• **Exercise**
Would you count how many lines of the material below hold the string "Photo"? Give only the number.

• **Listed entries**
========================================
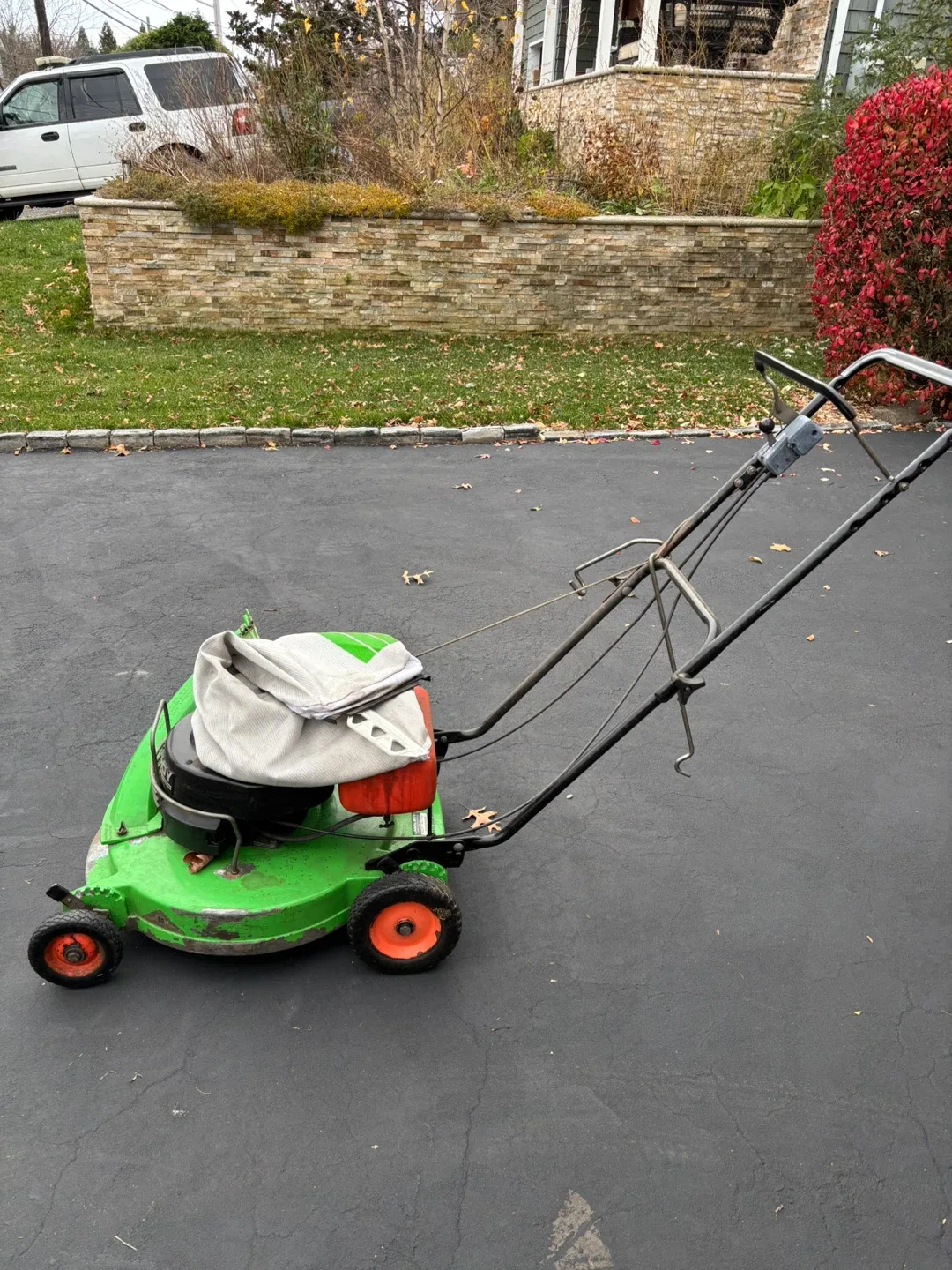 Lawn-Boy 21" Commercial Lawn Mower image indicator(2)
========================================
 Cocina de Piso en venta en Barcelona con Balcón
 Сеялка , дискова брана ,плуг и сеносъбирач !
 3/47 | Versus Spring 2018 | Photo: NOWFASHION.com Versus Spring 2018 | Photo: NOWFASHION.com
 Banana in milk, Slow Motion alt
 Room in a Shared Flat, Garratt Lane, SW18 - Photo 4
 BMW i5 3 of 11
========================================
• **Solution**
2